- Exercise directions -
Print out all of the data below, keeping it identical to the original.

- Supplied data -
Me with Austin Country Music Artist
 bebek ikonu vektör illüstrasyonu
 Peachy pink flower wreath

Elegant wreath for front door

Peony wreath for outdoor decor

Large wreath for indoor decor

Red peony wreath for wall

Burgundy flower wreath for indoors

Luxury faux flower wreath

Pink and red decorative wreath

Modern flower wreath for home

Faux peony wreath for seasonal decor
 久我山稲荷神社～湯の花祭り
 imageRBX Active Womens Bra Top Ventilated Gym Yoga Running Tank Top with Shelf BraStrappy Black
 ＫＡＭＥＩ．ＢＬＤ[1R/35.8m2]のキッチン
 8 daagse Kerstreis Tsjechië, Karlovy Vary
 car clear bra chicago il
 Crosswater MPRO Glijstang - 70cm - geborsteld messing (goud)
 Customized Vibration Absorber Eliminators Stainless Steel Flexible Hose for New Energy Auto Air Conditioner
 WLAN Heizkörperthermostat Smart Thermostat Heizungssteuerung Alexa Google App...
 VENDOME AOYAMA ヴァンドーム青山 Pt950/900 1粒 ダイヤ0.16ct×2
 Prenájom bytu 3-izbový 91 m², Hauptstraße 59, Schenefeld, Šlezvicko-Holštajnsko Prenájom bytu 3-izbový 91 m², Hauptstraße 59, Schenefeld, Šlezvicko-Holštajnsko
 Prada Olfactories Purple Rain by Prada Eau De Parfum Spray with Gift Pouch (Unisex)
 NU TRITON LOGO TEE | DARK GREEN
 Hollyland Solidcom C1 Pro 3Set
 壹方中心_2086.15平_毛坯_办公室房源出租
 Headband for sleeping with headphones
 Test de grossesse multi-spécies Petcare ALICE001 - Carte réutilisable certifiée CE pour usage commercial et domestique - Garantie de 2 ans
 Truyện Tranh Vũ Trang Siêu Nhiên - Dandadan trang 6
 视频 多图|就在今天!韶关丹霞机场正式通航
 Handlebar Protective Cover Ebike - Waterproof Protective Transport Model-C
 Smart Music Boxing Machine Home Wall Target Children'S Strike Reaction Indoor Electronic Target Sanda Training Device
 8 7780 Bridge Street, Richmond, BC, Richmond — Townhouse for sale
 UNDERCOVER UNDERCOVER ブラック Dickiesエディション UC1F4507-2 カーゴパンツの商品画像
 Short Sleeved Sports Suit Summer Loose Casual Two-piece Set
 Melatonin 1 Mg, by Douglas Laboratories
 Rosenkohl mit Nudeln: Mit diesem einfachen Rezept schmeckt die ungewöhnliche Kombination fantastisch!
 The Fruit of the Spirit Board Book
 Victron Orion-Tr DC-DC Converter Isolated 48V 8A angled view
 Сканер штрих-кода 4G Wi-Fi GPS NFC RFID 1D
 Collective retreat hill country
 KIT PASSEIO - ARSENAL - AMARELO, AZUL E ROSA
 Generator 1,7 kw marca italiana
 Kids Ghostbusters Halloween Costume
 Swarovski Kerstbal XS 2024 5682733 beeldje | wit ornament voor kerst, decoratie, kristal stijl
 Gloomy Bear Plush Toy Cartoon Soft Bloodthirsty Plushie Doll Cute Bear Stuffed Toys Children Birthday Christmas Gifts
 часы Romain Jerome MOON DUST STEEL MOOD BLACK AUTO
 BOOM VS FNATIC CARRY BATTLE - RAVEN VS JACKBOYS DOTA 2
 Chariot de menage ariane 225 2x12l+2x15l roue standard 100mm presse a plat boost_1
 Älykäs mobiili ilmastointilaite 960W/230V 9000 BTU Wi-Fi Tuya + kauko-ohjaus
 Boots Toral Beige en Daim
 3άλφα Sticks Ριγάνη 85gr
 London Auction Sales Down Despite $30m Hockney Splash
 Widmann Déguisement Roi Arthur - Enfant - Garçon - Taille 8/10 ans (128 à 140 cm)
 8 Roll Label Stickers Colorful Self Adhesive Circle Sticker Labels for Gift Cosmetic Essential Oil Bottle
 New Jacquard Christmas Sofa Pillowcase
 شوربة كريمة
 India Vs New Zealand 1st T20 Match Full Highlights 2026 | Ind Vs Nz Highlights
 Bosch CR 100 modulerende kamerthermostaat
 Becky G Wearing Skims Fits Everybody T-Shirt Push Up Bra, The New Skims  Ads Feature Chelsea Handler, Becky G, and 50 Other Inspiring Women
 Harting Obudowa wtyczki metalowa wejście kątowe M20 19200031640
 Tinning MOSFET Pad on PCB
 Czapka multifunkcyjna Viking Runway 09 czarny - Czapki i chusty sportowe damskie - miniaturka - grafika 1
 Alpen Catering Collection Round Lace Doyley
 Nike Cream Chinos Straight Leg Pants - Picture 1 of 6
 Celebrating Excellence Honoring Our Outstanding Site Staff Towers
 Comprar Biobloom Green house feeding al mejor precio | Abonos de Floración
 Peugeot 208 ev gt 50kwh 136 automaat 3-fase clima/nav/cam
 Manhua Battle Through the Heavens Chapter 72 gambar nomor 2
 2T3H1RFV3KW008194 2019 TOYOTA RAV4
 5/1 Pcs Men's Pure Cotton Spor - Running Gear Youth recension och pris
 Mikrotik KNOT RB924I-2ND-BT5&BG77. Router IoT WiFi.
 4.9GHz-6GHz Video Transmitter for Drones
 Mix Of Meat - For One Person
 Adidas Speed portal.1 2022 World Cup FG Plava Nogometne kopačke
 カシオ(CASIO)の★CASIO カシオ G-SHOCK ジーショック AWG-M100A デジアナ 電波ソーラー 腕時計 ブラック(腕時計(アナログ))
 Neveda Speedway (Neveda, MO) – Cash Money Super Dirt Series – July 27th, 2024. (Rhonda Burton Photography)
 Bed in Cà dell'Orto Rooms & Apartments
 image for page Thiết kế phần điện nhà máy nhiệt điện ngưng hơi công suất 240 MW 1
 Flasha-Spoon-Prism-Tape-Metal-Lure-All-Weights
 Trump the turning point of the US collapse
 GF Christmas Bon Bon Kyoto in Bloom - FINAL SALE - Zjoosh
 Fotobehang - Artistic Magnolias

- Reply -
Me with Austin Country Music Artist
 bebek ikonu vektör illüstrasyonu
 Peachy pink flower wreath

Elegant wreath for front door

Peony wreath for outdoor decor

Large wreath for indoor decor

Red peony wreath for wall

Burgundy flower wreath for indoors

Luxury faux flower wreath

Pink and red decorative wreath

Modern flower wreath for home

Faux peony wreath for seasonal decor
 久我山稲荷神社～湯の花祭り
 imageRBX Active Womens Bra Top Ventilated Gym Yoga Running Tank Top with Shelf BraStrappy Black
 ＫＡＭＥＩ．ＢＬＤ[1R/35.8m2]のキッチン
 8 daagse Kerstreis Tsjechië, Karlovy Vary
 car clear bra chicago il
 Crosswater MPRO Glijstang - 70cm - geborsteld messing (goud)
 Customized Vibration Absorber Eliminators Stainless Steel Flexible Hose for New Energy Auto Air Conditioner
 WLAN Heizkörperthermostat Smart Thermostat Heizungssteuerung Alexa Google App...
 VENDOME AOYAMA ヴァンドーム青山 Pt950/900 1粒 ダイヤ0.16ct×2
 Prenájom bytu 3-izbový 91 m², Hauptstraße 59, Schenefeld, Šlezvicko-Holštajnsko Prenájom bytu 3-izbový 91 m², Hauptstraße 59, Schenefeld, Šlezvicko-Holštajnsko
 Prada Olfactories Purple Rain by Prada Eau De Parfum Spray with Gift Pouch (Unisex)
 NU TRITON LOGO TEE | DARK GREEN
 Hollyland Solidcom C1 Pro 3Set
 壹方中心_2086.15平_毛坯_办公室房源出租
 Headband for sleeping with headphones
 Test de grossesse multi-spécies Petcare ALICE001 - Carte réutilisable certifiée CE pour usage commercial et domestique - Garantie de 2 ans
 Truyện Tranh Vũ Trang Siêu Nhiên - Dandadan trang 6
 视频 多图|就在今天!韶关丹霞机场正式通航
 Handlebar Protective Cover Ebike - Waterproof Protective Transport Model-C
 Smart Music Boxing Machine Home Wall Target Children'S Strike Reaction Indoor Electronic Target Sanda Training Device
 8 7780 Bridge Street, Richmond, BC, Richmond — Townhouse for sale
 UNDERCOVER UNDERCOVER ブラック Dickiesエディション UC1F4507-2 カーゴパンツの商品画像
 Short Sleeved Sports Suit Summer Loose Casual Two-piece Set
 Melatonin 1 Mg, by Douglas Laboratories
 Rosenkohl mit Nudeln: Mit diesem einfachen Rezept schmeckt die ungewöhnliche Kombination fantastisch!
 The Fruit of the Spirit Board Book
 Victron Orion-Tr DC-DC Converter Isolated 48V 8A angled view
 Сканер штрих-кода 4G Wi-Fi GPS NFC RFID 1D
 Collective retreat hill country
 KIT PASSEIO - ARSENAL - AMARELO, AZUL E ROSA
 Generator 1,7 kw marca italiana
 Kids Ghostbusters Halloween Costume
 Swarovski Kerstbal XS 2024 5682733 beeldje | wit ornament voor kerst, decoratie, kristal stijl
 Gloomy Bear Plush Toy Cartoon Soft Bloodthirsty Plushie Doll Cute Bear Stuffed Toys Children Birthday Christmas Gifts
 часы Romain Jerome MOON DUST STEEL MOOD BLACK AUTO
 BOOM VS FNATIC CARRY BATTLE - RAVEN VS JACKBOYS DOTA 2
 Chariot de menage ariane 225 2x12l+2x15l roue standard 100mm presse a plat boost_1
 Älykäs mobiili ilmastointilaite 960W/230V 9000 BTU Wi-Fi Tuya + kauko-ohjaus
 Boots Toral Beige en Daim
 3άλφα Sticks Ριγάνη 85gr
 London Auction Sales Down Despite $30m Hockney Splash
 Widmann Déguisement Roi Arthur - Enfant - Garçon - Taille 8/10 ans (128 à 140 cm)
 8 Roll Label Stickers Colorful Self Adhesive Circle Sticker Labels for Gift Cosmetic Essential Oil Bottle
 New Jacquard Christmas Sofa Pillowcase
 شوربة كريمة
 India Vs New Zealand 1st T20 Match Full Highlights 2026 | Ind Vs Nz Highlights
 Bosch CR 100 modulerende kamerthermostaat
 Becky G Wearing Skims Fits Everybody T-Shirt Push Up Bra, The New Skims  Ads Feature Chelsea Handler, Becky G, and 50 Other Inspiring Women
 Harting Obudowa wtyczki metalowa wejście kątowe M20 19200031640
 Tinning MOSFET Pad on PCB
 Czapka multifunkcyjna Viking Runway 09 czarny - Czapki i chusty sportowe damskie - miniaturka - grafika 1
 Alpen Catering Collection Round Lace Doyley
 Nike Cream Chinos Straight Leg Pants - Picture 1 of 6
 Celebrating Excellence Honoring Our Outstanding Site Staff Towers
 Comprar Biobloom Green house feeding al mejor precio | Abonos de Floración
 Peugeot 208 ev gt 50kwh 136 automaat 3-fase clima/nav/cam
 Manhua Battle Through the Heavens Chapter 72 gambar nomor 2
 2T3H1RFV3KW008194 2019 TOYOTA RAV4
 5/1 Pcs Men's Pure Cotton Spor - Running Gear Youth recension och pris
 Mikrotik KNOT RB924I-2ND-BT5&BG77. Router IoT WiFi.
 4.9GHz-6GHz Video Transmitter for Drones
 Mix Of Meat - For One Person
 Adidas Speed portal.1 2022 World Cup FG Plava Nogometne kopačke
 カシオ(CASIO)の★CASIO カシオ G-SHOCK ジーショック AWG-M100A デジアナ 電波ソーラー 腕時計 ブラック(腕時計(アナログ))
 Neveda Speedway (Neveda, MO) – Cash Money Super Dirt Series – July 27th, 2024. (Rhonda Burton Photography)
 Bed in Cà dell'Orto Rooms & Apartments
 image for page Thiết kế phần điện nhà máy nhiệt điện ngưng hơi công suất 240 MW 1
 Flasha-Spoon-Prism-Tape-Metal-Lure-All-Weights
 Trump the turning point of the US collapse
 GF Christmas Bon Bon Kyoto in Bloom - FINAL SALE - Zjoosh
 Fotobehang - Artistic Magnolias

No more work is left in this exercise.